And now I have to go to bed, because I have to teach tomorrow. Gah! I hate going to bed in a bad mood. I wanna be excited about GenCon again, not frustrated!

5 Comments:

Anonymous Anonymous said...

My way of thinking about it is this way (and yes I have attended GenCons and worked much larger conventions in the past).

Convention booth design, like most other activities, is a process and a craft that can be learned. There are some darn good resources out there.

GenCon isn't really all that different from a large scale convention of any other nature and thus can be learned from these experiences.

The first time you run a booth/area you are going to make mistakes. Whether you sit in another booth and work it or not.

In my mind the only barrier of entry is thus time and money. You don't have much time (and you do from my outsider way seem awfully overcommitted). And the money would certainly scare me away.

My advice, for what it is worth, is figure out how much its worth it for you. Given from the post (and the previous one) you seem to be fairly passionate you need to determine if you can do the time and the money. If you can and feel good about it, then do it.

9:07 AM  
Blogger Jonathan Walton said...

Jere, thanks for your advice. I'm thinking on it. If I decide to do it, I'll definitely committ to the time and the money. Likewise, if people end up talking me into the Forge Booth, I'll give that my all too. I don't do things half-assed.

Matt, of course I want people to care. I hate feeling like a whiney bratty kid who keeps losing people's respect. That's happened a lot recently and it sucks. And I really hope I haven't gotten all flustered and frustrated over an effort to make myself feel cool.

I guess I see having our own booth as an effort to DO SOMETHING. I feel like just tagging along and talking about what I'm gonna do next year is _not doing something_, just talk.

I'm still trying to think this through, obviously, and I do value your opinions very much. It's just hard to get a sense of things when I'm getting such contradictory messages from a lot of people I respect. And I haven't gotten much sleep this week, which could be contributing to my overall mood.

Don't lose faith in me yet, dude. I'll get though this and come out someplace good, one way or the other.

10:26 AM  
Blogger Jonathan Walton said...

Note: disclaimer added to the top. I just re-read what I wrote last night and realized what a bad place I was in. My apologies, folks.

10:34 AM  
Blogger Brand Robins said...

Jonathan,

I know where you are coming from, and I have been there. I do not judge you harshly, and I do not think you are a fool. If you see me on Skype today and want to chat, ring me up.
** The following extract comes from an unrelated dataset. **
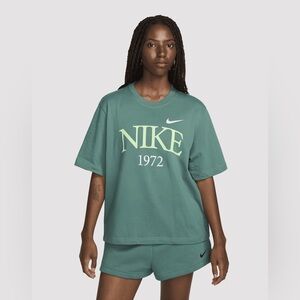 NWOT Nike Women’s Small Green T-Shirt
For now I will say just this, and then leave you alone, because I have a feeling you're frustrated with me lately, and I don't want to push you:

It is good that you went and found yourself. If you hadn't stepped away you might not have grown. But once you have grown, you have to ask yourself where you can best put your energy, and where you can most effect change and growth.

If you left a boy you do not have to return a boy. You can leave a boy and return a man.

1:47 PM  
Blogger Mo said...

Jonathan,

I think I get you. You can tell me if I'm wrong. Your plans to get a booth are not just about being cool. I think that your desire to have A Room of Your Own has to do with feeling comfortable, not feeling cool.

It has to with going to Gencon and feeling as comfortably confident in your own shoes as you can be so that you can do your best work and feel your best you in networking, and know that if worse comes to worse in the entirely unfamiliar environment that you are heading into, that you can be guaranteed (because you will at least be able to commune with like minded individuals and have fun) to get something out of the event that you can take home and feel good about.

If I'm reading the situation right and that's the intent, then there's nothing wrong with that goal. There's nothing wrong with using your first Gencon experience that way, and there's nothing wrong with spending 1000 bucks on it - money really is a relative thing. I know folks in business that would gladly spend 2000 dollars on a first class ticket where they know they will be comfortable, well fed and arrive refreshed to their meeting rather than feel haggard and unprepared. It's EXACTLY the same equasion. If you have the money, and that's the way you want to spend it, that's entirely your perogative and nobody can or should tell you it's a dumb idea.

That said, and this is me talking about me, now, not about you. There are other goals that can be had at Gencon, and that's where my hesitancyto join your booth came from. I was originally under the assumption that I couldn't sell at the Forge Booth (I'm a con newb folks, this has been amply corrected) and once I found out that I could, that changed the way I thought about my experience.

I think if I were to come to the Gencommune, I'd feel more relaxed and more safe, but in some senses, relaxed and safe is not what I'm comming to Gencon to do. I'm coming to explore new things, and new parts of me, and to release a game in a serious salable way. I'm coming to fine the place where I will stand in the future. That place may be the same place I stand right now, but at least I will have a better appreciation for who and where everyone else is in relation to me. Finding a relaxed and safe place won't necessarily help me do that.

It's not about who pushes and who pulls, who's hardcore market minded, and who's just in it to design, it's not about where I stand, and where you stand, it's about how we build bridges between those things.

If you can find a way to set and run a booth that optimizes you, your experience and builds a bridge back to the rest of the Indie community, Forge or other, then you're doing a good thing. It doesn't matter what you do as much as it matters how contributive you are when doing it.

Oh, and to raise on Brand's earlier offer, if you need to talk, email your telephone # and we can chat about things.